Task to complete -
Beginning with the line that holds "Google uses neural", copy each line to the end of the records exactly, except the pictures.

Extracted material -
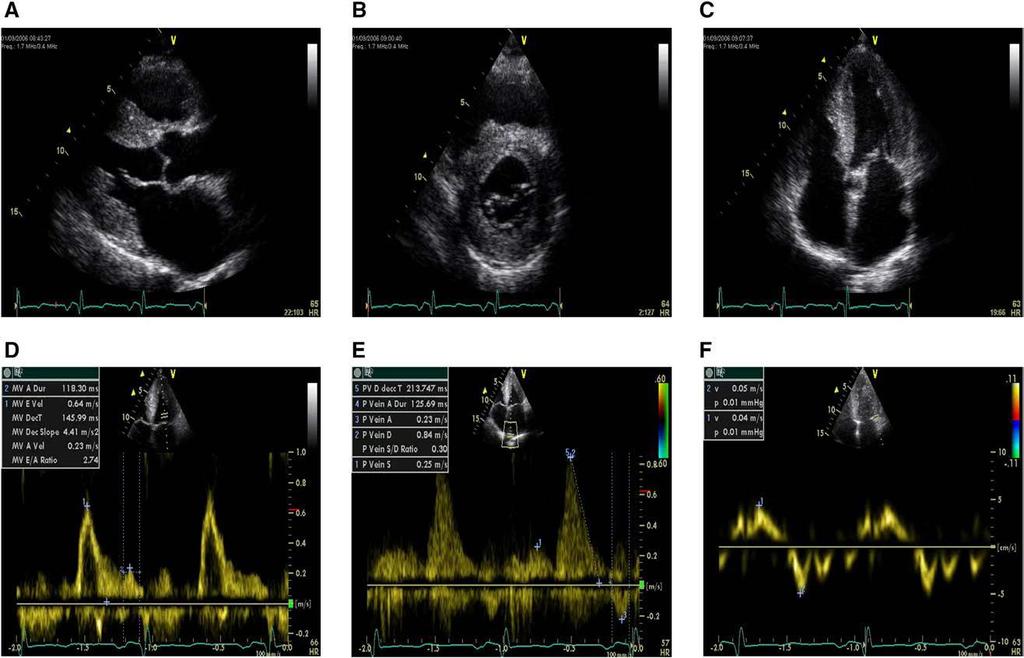 Concentric left ventricular hypertrophy, bright myocardium,bi-atrial dilatation, Increase in E/A ratio, pulm vein inflow: marked diastolic prominence and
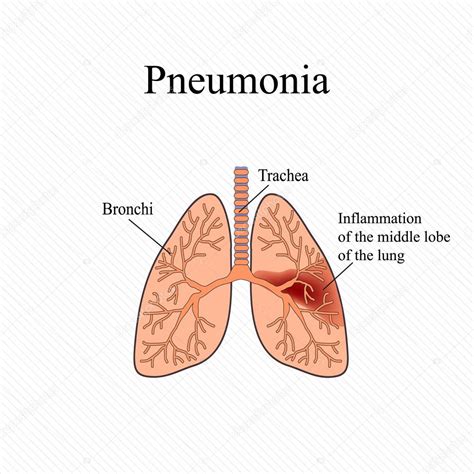 Pneumonia The Anatomical Structure Of The Human Lung
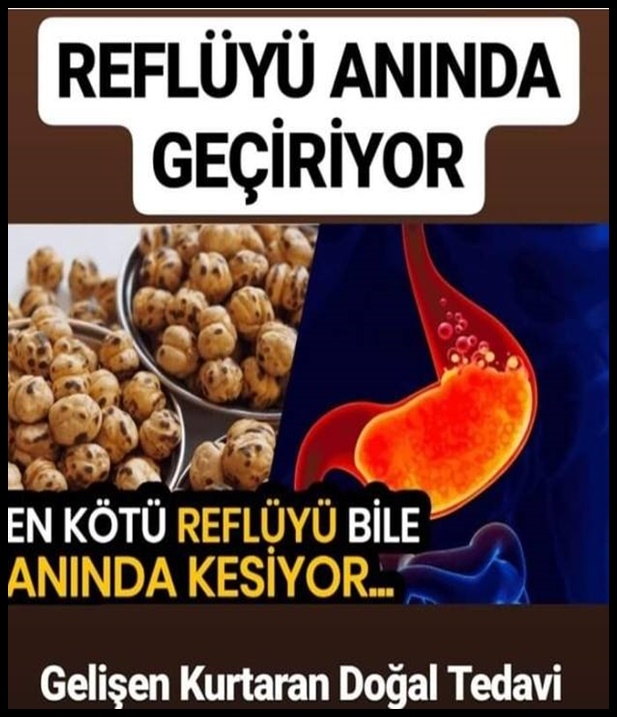 Mide Yanması ve Reflüyü Doğal Yollar ile Tedavi Edin! galerisi resim 1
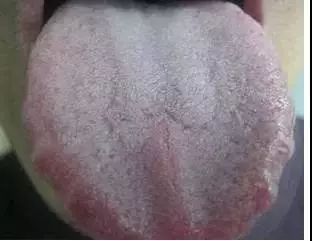 舌苔厚白是怎么回事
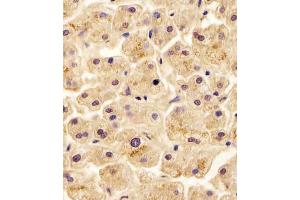 (ABIN6243301 and ABIN6578652) staining SLC29A2 in human liver tissue sections by Immunohistochemistry (IHC-P - paraformaldehyde-fixed, paraffin-embedded sections).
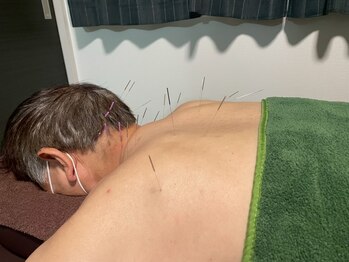 エザキ鍼灸院 接骨院(EZAKI鍼灸院 接骨院)の写真/デスクワークで凝り固まった首・肩こりに♪いつも頑張っている自分へのご褒美としていかがでしょうか♪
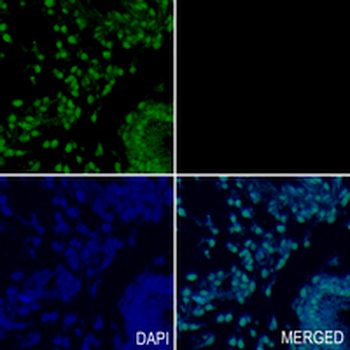 ASH2L Rabbit Monoclonal Antibody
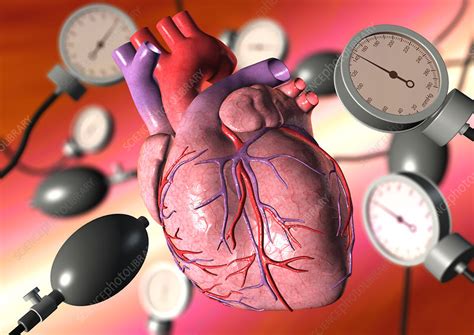 High blood pressure - Stock Image - M172/0592 - Science Photo Library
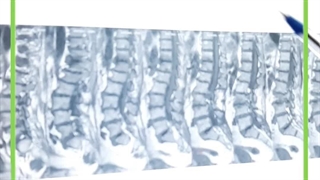 درمان ارتروز کمر. دکتر لیلا بهاری. فوق تخصص درد کلینیک درد مهرگان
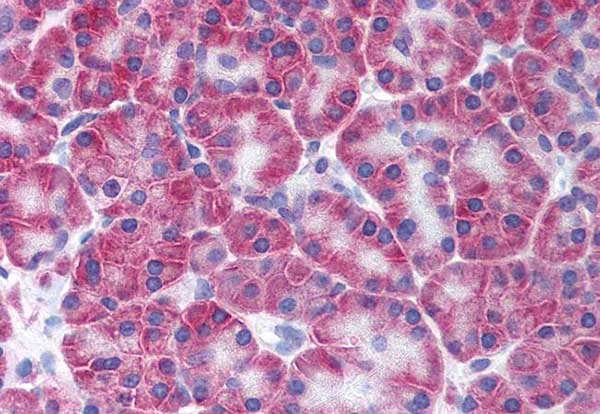 Immunohistochemistry (Formalin/PFA-fixed paraffin-embedded sections) - Anti-KCNN4 antibody - N-terminal (AB219108)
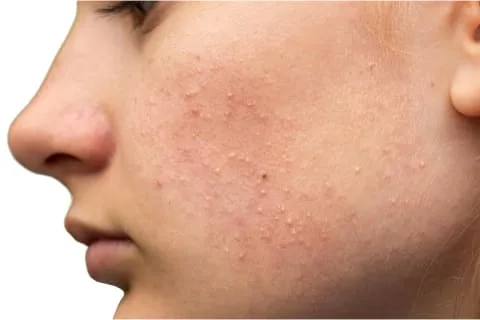 woman with small bumps on her face woman with small bumps on her face
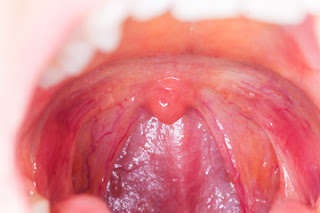 function of tonsils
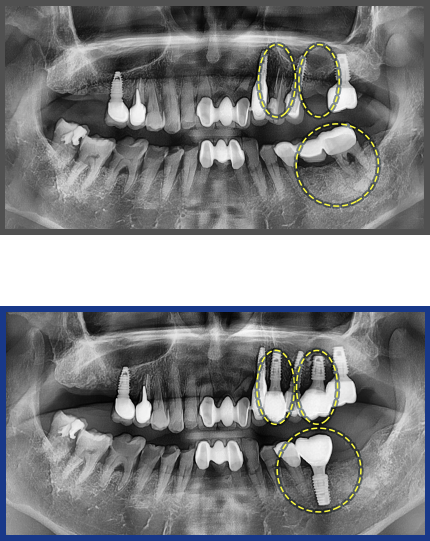 임플란트 증례09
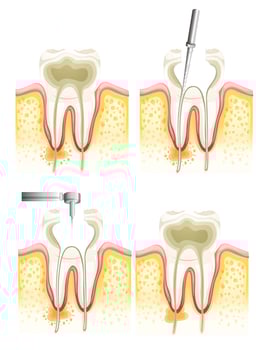 Root canal process vector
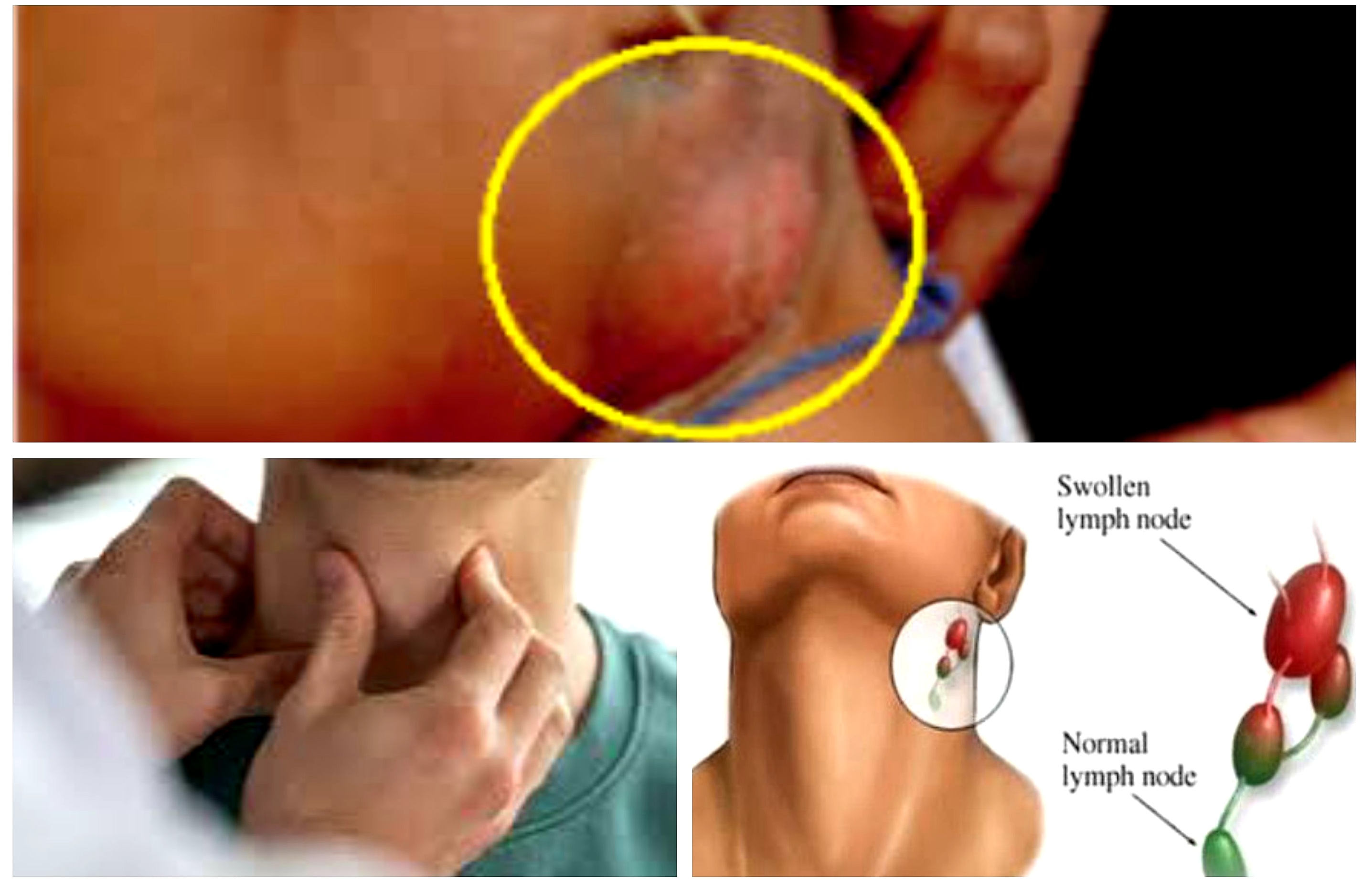 Getah Bening Langsung Kempes. Lakukan Langkah-langkah Pengobatan Ini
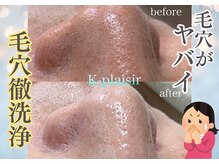 ケイ プレジールの雰囲気（毛穴洗浄ハイドロ☆頑固な汚れを徹底洗浄！黒ずみ★角栓/本町）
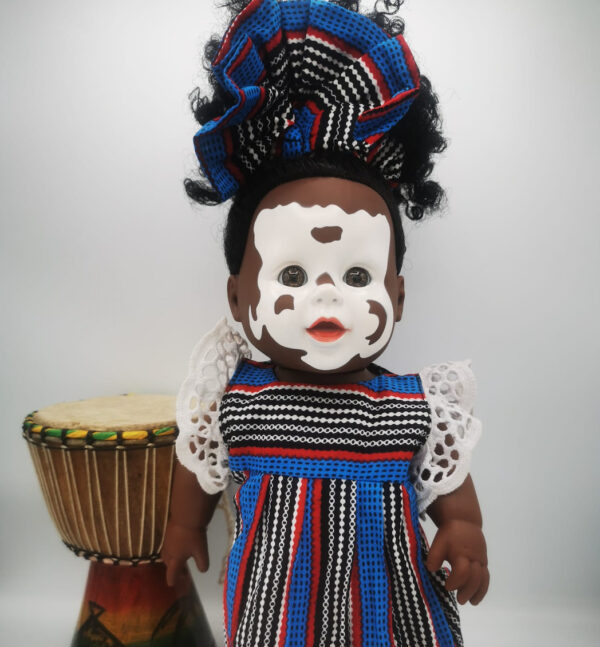 Poupée Winnie Kidunya Vitiligo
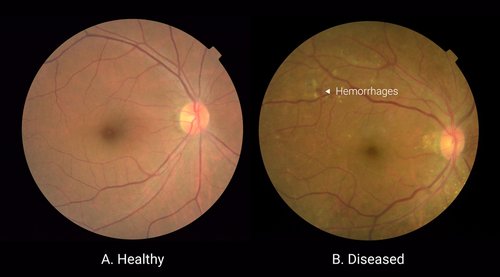 Google uses neural network algorithm to detect diabetic retinopathy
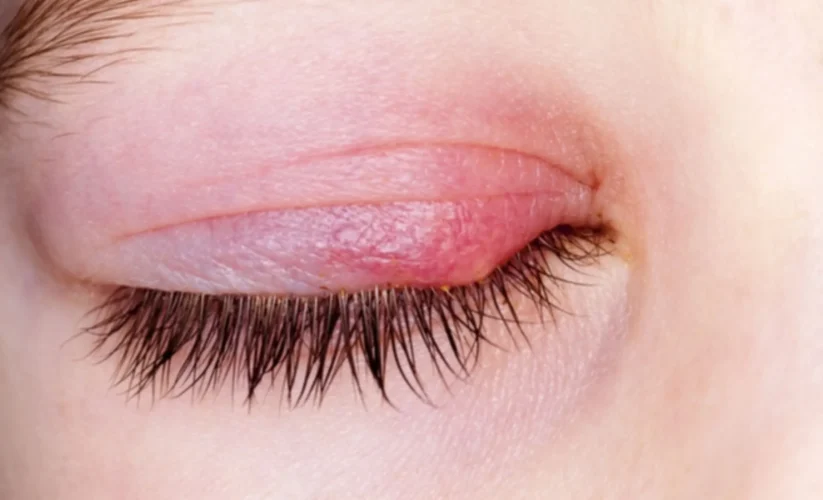 What Is Commonly Misdiagnosed As Pink Eye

Exercise response -
 Google uses neural network algorithm to detect diabetic retinopathy
 What Is Commonly Misdiagnosed As Pink Eye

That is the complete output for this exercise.